Maybe science and technology has given more accuracy in the calculation formula nowadays...don't know...either chart gives a good idea what to expect for a boiling-point temp reading based on elevation/barometer reading, and that's the key point, bearing in mind that weather changes regarding high/low pressure systems also change barometric pressure, which is really what effects the boiling point of water.

Though I do not know what the time length change would be for a given measure of water to boil in a given vessel with a given btu input for a given elevation increase, I do know that slightly higher temps are needed to achieve the same relative cooking times for a given food...elevation (or more specifically, barometric pressure) does matter with cooking, as well as with thermometer calibration or verification.

Eric


----------



## chef jimmyj (May 31, 2012)

Great info...Thanks guys...JJ


----------



## kryinggame (Jun 1, 2012)

Thanks for this info. I've always had problems with the accuracy of digital thermometers.

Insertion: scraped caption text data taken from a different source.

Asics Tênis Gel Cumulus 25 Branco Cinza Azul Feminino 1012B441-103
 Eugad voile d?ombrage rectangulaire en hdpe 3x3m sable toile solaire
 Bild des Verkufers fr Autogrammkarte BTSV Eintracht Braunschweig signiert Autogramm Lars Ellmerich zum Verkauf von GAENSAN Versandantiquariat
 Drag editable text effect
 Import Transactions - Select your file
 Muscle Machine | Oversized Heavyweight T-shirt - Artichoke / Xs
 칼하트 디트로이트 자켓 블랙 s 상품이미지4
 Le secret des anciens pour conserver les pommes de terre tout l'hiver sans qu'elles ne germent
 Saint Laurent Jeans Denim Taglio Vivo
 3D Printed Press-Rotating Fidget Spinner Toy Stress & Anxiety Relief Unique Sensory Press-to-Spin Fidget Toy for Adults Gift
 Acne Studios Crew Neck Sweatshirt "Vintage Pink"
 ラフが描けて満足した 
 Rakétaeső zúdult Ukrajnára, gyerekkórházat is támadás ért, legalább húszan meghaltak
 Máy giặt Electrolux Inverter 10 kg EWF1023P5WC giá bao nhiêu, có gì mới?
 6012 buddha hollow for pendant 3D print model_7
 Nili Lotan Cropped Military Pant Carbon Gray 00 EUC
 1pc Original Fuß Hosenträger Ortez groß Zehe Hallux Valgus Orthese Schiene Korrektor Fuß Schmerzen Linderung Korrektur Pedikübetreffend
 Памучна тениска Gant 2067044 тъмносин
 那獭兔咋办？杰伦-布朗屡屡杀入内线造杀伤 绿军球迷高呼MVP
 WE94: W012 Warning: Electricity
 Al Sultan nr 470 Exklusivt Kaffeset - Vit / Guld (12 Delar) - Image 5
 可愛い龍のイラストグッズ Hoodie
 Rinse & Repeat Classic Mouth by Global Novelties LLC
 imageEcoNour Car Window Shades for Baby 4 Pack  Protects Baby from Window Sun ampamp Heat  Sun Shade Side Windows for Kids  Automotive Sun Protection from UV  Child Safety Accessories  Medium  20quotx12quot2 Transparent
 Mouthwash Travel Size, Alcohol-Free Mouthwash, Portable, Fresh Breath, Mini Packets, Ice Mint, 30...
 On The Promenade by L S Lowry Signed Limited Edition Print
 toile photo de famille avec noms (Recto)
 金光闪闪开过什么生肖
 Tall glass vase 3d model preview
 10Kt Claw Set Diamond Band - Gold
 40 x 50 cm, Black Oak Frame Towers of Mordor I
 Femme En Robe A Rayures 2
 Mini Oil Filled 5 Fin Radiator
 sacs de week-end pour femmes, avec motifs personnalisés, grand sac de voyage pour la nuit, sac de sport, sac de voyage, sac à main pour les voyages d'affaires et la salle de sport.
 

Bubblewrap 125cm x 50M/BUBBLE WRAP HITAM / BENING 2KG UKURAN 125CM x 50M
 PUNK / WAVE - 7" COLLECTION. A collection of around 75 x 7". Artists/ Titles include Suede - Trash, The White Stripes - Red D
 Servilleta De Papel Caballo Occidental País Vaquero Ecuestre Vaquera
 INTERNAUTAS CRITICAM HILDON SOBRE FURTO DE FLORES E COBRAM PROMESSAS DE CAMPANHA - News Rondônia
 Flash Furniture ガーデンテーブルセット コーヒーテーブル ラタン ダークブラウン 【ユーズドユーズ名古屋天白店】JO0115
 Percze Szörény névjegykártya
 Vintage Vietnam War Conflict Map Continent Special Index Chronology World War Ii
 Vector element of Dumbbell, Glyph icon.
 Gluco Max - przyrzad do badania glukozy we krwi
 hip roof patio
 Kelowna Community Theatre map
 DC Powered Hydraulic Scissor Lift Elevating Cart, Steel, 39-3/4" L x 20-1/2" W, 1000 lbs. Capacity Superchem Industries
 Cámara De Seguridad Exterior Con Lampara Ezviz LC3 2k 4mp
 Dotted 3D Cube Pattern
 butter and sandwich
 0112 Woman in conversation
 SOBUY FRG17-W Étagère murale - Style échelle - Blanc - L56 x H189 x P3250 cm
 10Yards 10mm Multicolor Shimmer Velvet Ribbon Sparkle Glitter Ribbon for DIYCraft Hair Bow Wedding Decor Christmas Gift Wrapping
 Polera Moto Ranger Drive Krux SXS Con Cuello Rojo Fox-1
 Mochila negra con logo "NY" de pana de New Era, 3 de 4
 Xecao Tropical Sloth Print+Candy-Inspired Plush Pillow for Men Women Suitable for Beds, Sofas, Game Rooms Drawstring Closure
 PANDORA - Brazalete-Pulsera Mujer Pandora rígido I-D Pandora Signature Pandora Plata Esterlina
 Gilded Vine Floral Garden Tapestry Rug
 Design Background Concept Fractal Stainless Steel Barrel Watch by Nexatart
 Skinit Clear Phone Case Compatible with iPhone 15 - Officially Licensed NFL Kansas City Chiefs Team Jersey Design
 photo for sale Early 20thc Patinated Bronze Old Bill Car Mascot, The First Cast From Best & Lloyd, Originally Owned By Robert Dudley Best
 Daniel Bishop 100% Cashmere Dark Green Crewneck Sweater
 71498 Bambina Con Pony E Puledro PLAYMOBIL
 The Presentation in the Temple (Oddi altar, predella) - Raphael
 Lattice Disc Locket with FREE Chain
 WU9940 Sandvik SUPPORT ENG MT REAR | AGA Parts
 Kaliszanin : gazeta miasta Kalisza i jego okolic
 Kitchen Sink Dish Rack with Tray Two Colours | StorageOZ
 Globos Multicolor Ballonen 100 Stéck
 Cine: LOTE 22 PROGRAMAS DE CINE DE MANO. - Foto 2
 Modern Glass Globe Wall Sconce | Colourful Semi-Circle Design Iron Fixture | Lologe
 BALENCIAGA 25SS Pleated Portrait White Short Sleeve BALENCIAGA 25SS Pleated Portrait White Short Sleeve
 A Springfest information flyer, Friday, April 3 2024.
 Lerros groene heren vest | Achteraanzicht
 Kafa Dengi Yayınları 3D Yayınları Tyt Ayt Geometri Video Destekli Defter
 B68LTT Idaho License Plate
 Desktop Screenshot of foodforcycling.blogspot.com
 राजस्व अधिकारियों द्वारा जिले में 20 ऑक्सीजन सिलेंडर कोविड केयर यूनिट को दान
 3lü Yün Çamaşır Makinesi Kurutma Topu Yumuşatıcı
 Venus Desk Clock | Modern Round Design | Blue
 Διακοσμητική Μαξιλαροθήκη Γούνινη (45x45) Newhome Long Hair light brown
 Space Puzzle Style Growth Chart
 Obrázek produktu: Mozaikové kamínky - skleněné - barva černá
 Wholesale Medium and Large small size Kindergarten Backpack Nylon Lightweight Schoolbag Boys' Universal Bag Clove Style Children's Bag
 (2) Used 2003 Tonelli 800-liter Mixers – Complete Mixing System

I just bought the ET-732 and the probe judging the heat of my smoker is way off. My MES smoker can only get up to 275 degrees. Last weekend, I did a boston butt at 225 degrees; however, the ET-732 was reading at 298 degrees which is impossible.  I called the company and they're sending me a new probe.


----------



## bruno994 (Jun 1, 2012)

Great info guys.  Another reason this is where I spend 4 hours a day on this forum at work.  Keep up the good work.


----------



## figjam (Jun 1, 2012)

kryinggame said:


> Thanks for this info. I've always had problems with the accuracy of digital thermometers.
> 
> I just bought the ET-732 and the probe judging the heat of my smoker is way off. My MES smoker can only get up to 275 degrees. Last weekend, I did a boston butt at 225 degrees; however, the ET-732 was reading at 298 degrees which is impossible.  I called the company and they're sending me a new probe.


I recently got the ET-732 for a gift and it seemed to be reading about 10-15 degrees hotter than my smoker.  I haven't done the boiling point check yet, but I plan to.


----------



## garyz (Jul 10, 2012)

Interesting, forgot about elevation effects. Tested my cheapo digital from walmart ($8). read 209 boiling and figured I was 3f low. ordered a $50 thermometer (highly rated here). looks like when adjusting for elevation cheapo was only about 1f off!


----------